Segundo o sindicato, "a situação atual do quadro de pilotos TAP começa a causar algumas dificuldades de perceção", com a companhia a apontar "insistentemente" o "sobredimensionamento do quadro atual em cerca de 150 pilotos", a presidente (CEO) da empresa, Christine Ourmières-Widener, a dizer "em entrevista gravada que o quadro está ajustado à operação" e a TAP e o ministro das Infraestruturas a garantirem que há pilotos em número suficiente para assegurar voos.
"No entanto, cancelam-se voos por não haver pilotos para os operar. Basta haver um único cancelamento por este motivo para a conjugação dos pontos anteriores não fazer qualquer sentido", sustenta.
Segundo argumenta o SPAC, "havendo pilotos a mais, ou até em número ajustado à operação, é estranho que os mesmos estejam a realizar horas extra mensais (não pagas, por sinal) em meses tipicamente menos intensos ou não estejam pilotos suficientes escalados para serviços de assistência".
"Por outro lado -- continua - se o quadro está adequado à operação, não há razão para a manutenção do corte salarial suplementar, já que deixa de fazer sentido a proteção de emprego dos pilotos em excesso, argumento apresentado no Acordo Temporário assinado em 2021. Algo está errado!"
Na comunicação interna a que a Lusa teve acesso, o sindicato relembra que "afirmou terem existido cancelamentos por não haver pilotos disponíveis no conjunto dos voos cancelados, em dois fins de semana", mas "nunca disse que houve 20 (ou 30) cancelamentos por falta de pilotos".
Escusando-se a voltar a dar exemplos de voos cancelados por falta de pilotos, o SPAC diz ser "do conhecimento de todos os associados quais foram os voos cancelados por não haver pilotos disponíveis e quais foram as manobras para viabilizar voos contra o Acordo de Empresa".
O sindicato salienta, contudo, que se "cancelam voos por falta de pilotos" quando "há mais de uma dúzia de pilotos, despedidos no final de 2021 num processo pouco transparente e já muitos reintegrados por decisão judicial, a ser pagos para não realizar voos por opção da TAP".
Paralelamente, diz, "aplica-se 'lay-off' aos pilotos quando "o nível de prestação de trabalho (horas de voo mensais e dias de trabalho efetivo) está ao nível de 2019 e, em vários casos, acima de 2019, estando os pilotos a ser pagos com redução direta de 45% somada à indireta nas senioridades congeladas, entre outras parcelas".
"As condições de trabalho dos pilotos e dos restantes trabalhadores da TAP SA em geral não podem ser apontadas como justificação para más opções de gestão da TAP", sustenta, lembrando que, conforme consta do Relatório e Contas de 2021 da companhia, "a própria TAP assumiu que a TAP SA foi capaz de fornecer, ao longo dos últimos anos, quase 1.000 milhões de euros a fundo perdido para financiar a VEM/ME Brasil".

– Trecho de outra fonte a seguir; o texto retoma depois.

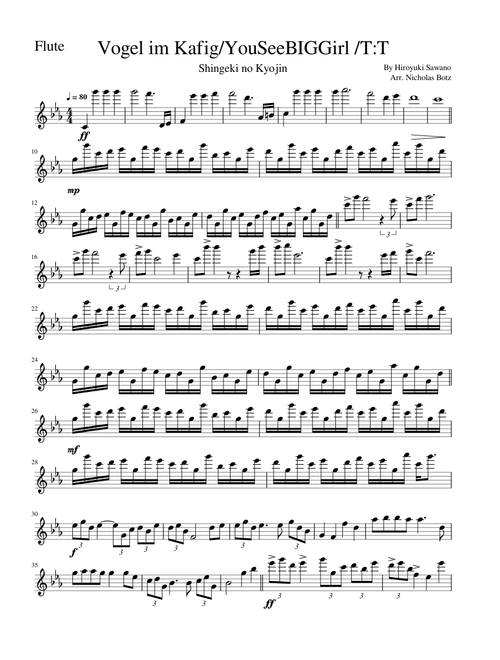 Flute Solo You See Big Girl / Vogel im Kafig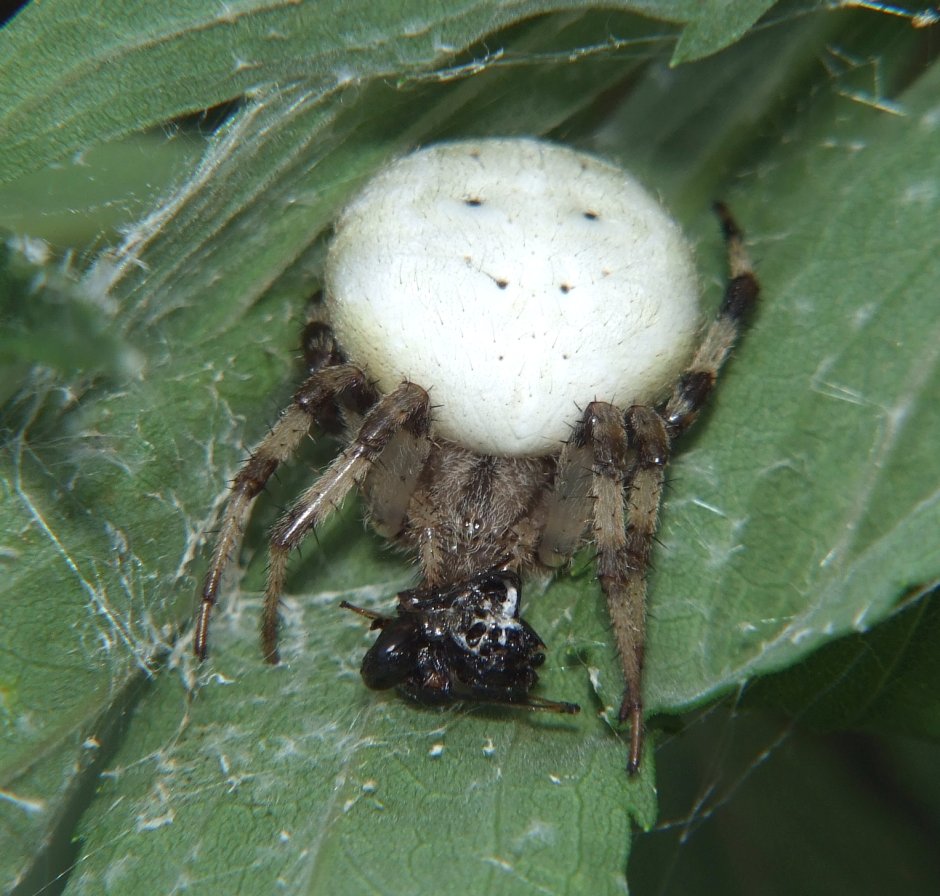 Паук крестовик белый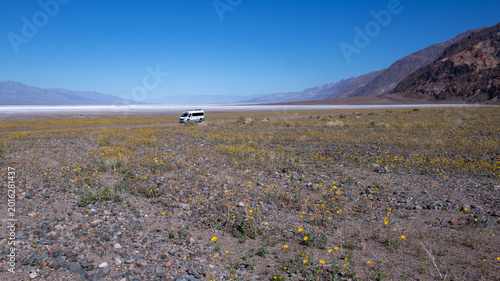 Vast field of yellow wildflowers blooming in Death Valley National Park.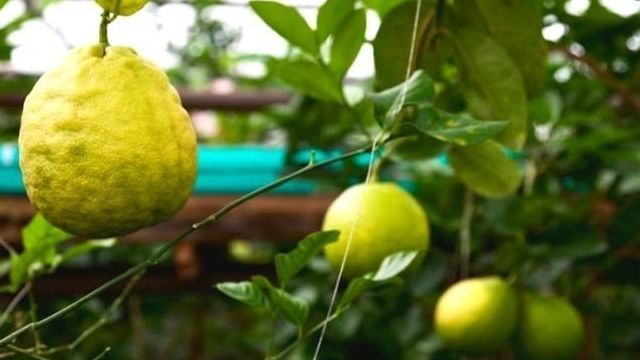 Выращивание лимонного дерева из семечки лимона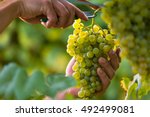 Close up of Worker's Hands Cutting White Grapes from vines during wine harvest in Italian Vineyard. 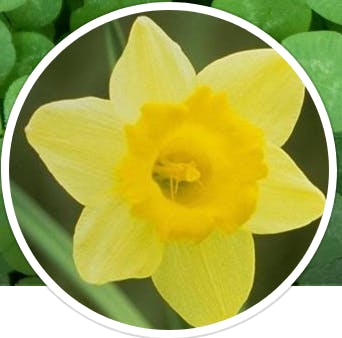 user avatar image for Brenda Dunham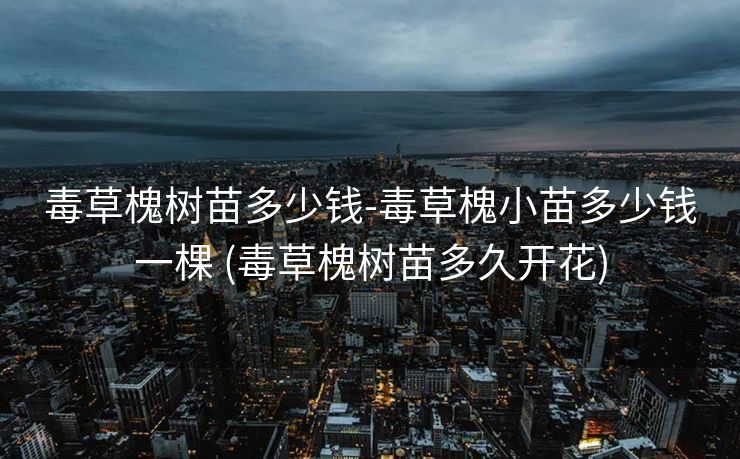 毒草槐树苗多少钱-毒草槐小苗多少钱一棵 (毒草槐树苗多久开花)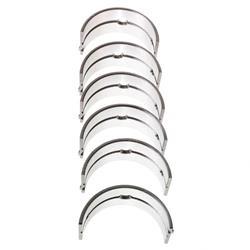 Picture of Bearing Kit - Main .75mm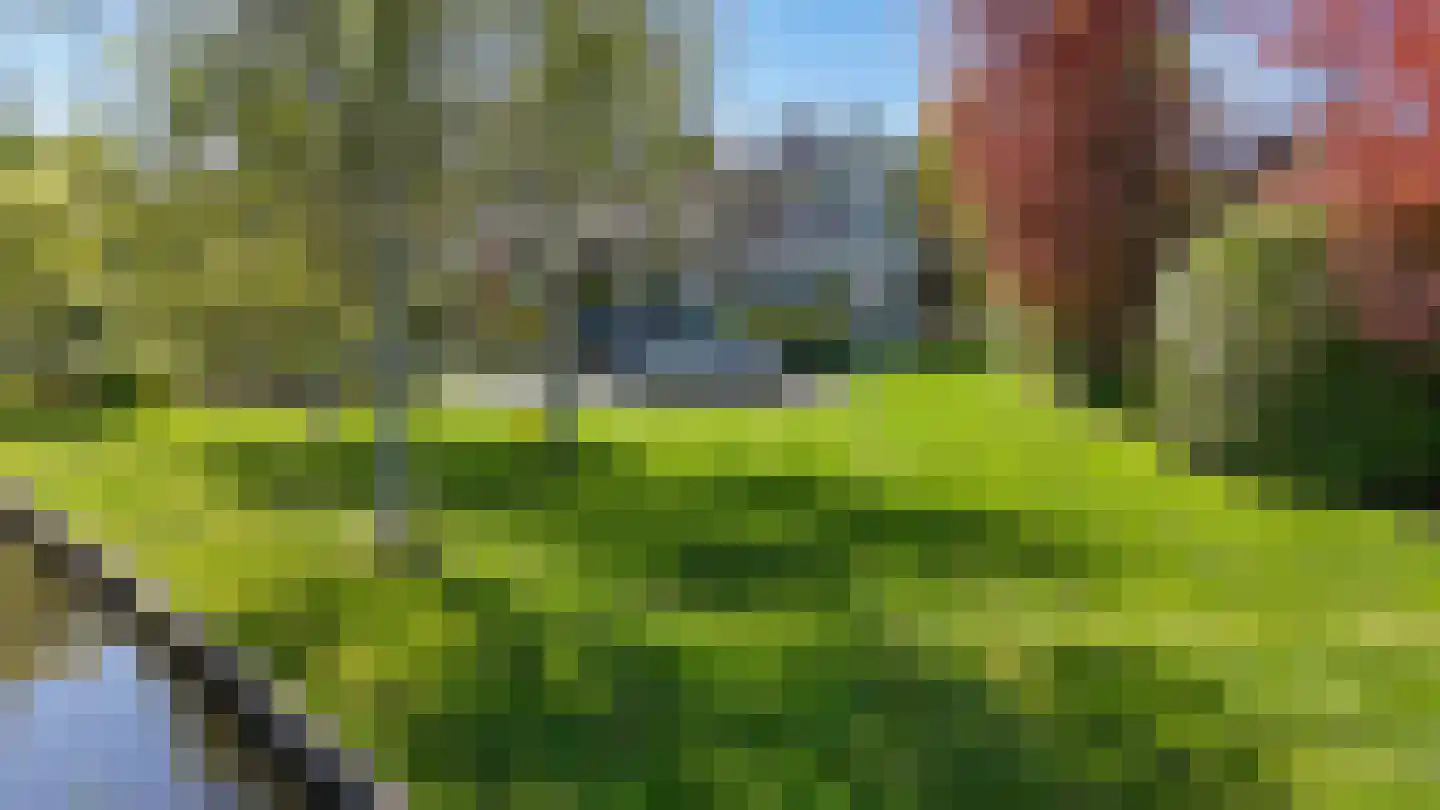 Bermweg 30 Rotterdam thumbnail 6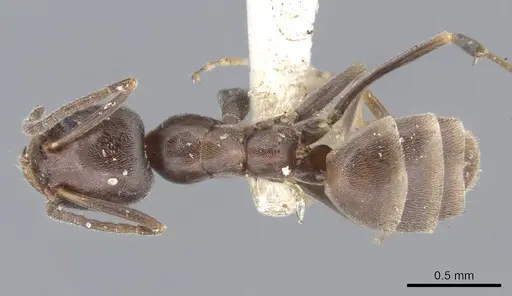 Forelius pruinosus - CASENT0915583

Defendendo que "os pilotos e os restantes trabalhadores merecem mais respeito, mais reconhecimento e menos afrontas diárias por parte da gestão e da tutela, com inverdades e justificações vagas, ausentes de racional e facilmente rebatidas com factos", o SPAC reitera que "os pilotos são a solução, e não o problema".
Finalmente, alerta os seus associados: "Voar em folga/férias ou aceitar convites de qualquer tipo com as atuais condições laborais distorce a realidade e enfraquece a classe, num momento em que os pilotos continuam a ser vistos como descartáveis".